Saturday, January 26, 2013

port jervis, ny

if you've never heard of port jervis, it's ok, neither had i until i ended up there. it's about 90 miles outside of nyc and the intersection of ny, nj, and pa. it's a cute little town (population under 10,000) and i think budget travel named it one of the best small towns in 2008. i'm not sure if they were talking about the winter time :)

 but the town was cute, all 2.5 square miles of it (even w/ my bad directional sense we had the town memorized by day 1). in about 5 min you can end up in any of the 3 states and the only way i could tell which state i was in was if i was in jersey and i 1) couldn't buy beer at the gas station, and 2) they pumped my gas for me.

saturday night we went to the grill in matmaros, pa. it was disco night or something. i think the entire drinking age of that town was there that night but it was fun to people watch (the fog machine i could have lived w/o though). and it was only about 7 minutes max from port jervis. 
tri-state monument: impossible to find, no tourist signs direct you to it and you have to drive through a cemetery to see it. 

we ate lunch at the erie hotel restaurant, we were craving mexican but that wasn't happening. the building has been fully restored but still looks pretty cool. the food was so-so. tried my first mexican coffee, i'm not sure how i felt about it.
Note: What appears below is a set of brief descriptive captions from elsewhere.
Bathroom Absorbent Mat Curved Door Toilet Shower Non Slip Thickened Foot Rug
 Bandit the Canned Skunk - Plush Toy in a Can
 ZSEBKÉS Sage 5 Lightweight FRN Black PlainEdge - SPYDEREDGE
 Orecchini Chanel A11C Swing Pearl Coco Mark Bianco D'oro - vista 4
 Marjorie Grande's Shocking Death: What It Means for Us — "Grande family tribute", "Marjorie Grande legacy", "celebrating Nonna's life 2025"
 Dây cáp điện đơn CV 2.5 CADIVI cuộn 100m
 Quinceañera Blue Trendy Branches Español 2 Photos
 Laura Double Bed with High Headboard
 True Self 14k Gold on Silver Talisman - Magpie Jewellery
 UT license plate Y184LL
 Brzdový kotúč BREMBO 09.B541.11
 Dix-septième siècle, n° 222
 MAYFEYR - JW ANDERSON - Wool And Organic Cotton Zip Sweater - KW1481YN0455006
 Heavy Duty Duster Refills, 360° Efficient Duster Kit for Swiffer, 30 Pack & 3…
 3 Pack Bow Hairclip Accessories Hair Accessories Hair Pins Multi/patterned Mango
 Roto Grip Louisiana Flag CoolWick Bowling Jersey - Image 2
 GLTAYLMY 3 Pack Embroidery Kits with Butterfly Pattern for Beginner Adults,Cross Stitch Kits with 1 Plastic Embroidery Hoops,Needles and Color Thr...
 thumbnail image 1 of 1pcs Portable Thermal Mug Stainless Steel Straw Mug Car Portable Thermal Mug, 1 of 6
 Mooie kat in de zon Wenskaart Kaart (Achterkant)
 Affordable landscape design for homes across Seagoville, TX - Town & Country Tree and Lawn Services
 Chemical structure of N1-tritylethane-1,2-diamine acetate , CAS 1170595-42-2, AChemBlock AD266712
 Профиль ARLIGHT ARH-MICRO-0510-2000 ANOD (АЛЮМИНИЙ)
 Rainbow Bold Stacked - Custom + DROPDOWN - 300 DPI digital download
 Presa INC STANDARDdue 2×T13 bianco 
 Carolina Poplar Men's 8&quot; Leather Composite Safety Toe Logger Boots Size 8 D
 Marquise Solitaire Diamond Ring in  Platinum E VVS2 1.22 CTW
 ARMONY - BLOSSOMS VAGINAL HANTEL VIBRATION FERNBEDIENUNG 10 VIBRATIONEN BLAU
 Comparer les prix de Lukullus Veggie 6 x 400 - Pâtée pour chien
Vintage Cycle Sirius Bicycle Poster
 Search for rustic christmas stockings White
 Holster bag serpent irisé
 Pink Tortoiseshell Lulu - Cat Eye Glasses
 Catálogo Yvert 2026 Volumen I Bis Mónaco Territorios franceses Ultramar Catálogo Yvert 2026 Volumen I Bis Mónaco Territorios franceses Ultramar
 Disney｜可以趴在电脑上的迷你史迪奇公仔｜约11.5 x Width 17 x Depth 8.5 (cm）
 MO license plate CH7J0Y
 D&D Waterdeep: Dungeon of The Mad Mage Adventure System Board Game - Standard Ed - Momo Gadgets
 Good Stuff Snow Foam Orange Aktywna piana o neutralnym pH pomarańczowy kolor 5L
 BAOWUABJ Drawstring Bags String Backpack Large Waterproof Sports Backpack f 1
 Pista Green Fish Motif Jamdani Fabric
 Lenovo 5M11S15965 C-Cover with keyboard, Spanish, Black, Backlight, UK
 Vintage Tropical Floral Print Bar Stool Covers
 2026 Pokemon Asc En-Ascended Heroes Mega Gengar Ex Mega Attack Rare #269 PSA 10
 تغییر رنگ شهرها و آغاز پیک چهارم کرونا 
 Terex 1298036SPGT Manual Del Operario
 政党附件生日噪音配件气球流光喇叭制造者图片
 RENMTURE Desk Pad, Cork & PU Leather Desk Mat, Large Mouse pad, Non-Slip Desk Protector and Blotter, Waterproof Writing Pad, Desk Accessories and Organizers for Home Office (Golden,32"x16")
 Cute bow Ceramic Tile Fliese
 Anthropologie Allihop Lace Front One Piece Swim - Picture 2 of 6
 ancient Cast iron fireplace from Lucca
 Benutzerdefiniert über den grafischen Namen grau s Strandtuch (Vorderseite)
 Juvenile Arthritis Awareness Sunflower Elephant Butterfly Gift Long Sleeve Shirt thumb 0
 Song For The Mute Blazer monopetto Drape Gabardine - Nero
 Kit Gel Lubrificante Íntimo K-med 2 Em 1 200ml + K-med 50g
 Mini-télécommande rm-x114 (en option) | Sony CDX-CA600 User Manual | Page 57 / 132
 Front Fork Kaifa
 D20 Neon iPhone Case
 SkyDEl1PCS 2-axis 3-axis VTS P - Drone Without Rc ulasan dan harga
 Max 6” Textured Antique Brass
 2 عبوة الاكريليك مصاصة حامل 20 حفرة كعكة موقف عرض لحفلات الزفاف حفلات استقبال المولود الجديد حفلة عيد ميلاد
getting beer was kind of hilarious sunday night before the ravens vs patriots game (i won't rub it in too much, but ravens kicked ass!). we found out to the left of our hotel was nj so none of the gas stations sold beer and the liquor stores were closed so we were directed to ny where we circled quite a bit until we found a little convenience store.

Tuesday, January 22, 2013


i loved despicable me for the minions alone. and the fact that they were all in love with fruit, like me, didn't hurt either :D

so of course this is a banana update, if you didn't get that yet :)
first is M's bday cake-

Banana Sheet Cake (9 x 9)

1 cup all purpose flour
1/2 tsp baking soda
1/2 tsp cinnamon
1/4 tsp salt
1/4 cup (1/2 stick) unsalted butter
1/2 cup granulated sugar
2 eggs
1/2 tsp of vanilla extract
2  large mashed bananas
1/4 cup Greek yogurt

3 oz whipped cream frosting, room temp
1/4 cup (1/2 stick) unsalted butter, room temp
1/4 cup powdered sugar
1/2 tsp vanilla extract

Preheat the oven to 350 F. Grease a 9x9 baking pan. In a medium bowl, whisk together the flour, baking soda, cinnamon, and salt. In a larger bowl, beat the butter and sugar. Beat in the eggs one at a time and then add the vanilla and mashed bananas. Mix in half of the flour mixture, then the yogurt, then the other half of the flour mixture. Spread the batter evenly in the baking pan and bake for about 20 minutes or until nicely brown and the surface springs back up when touched. Let cool completely before frosting.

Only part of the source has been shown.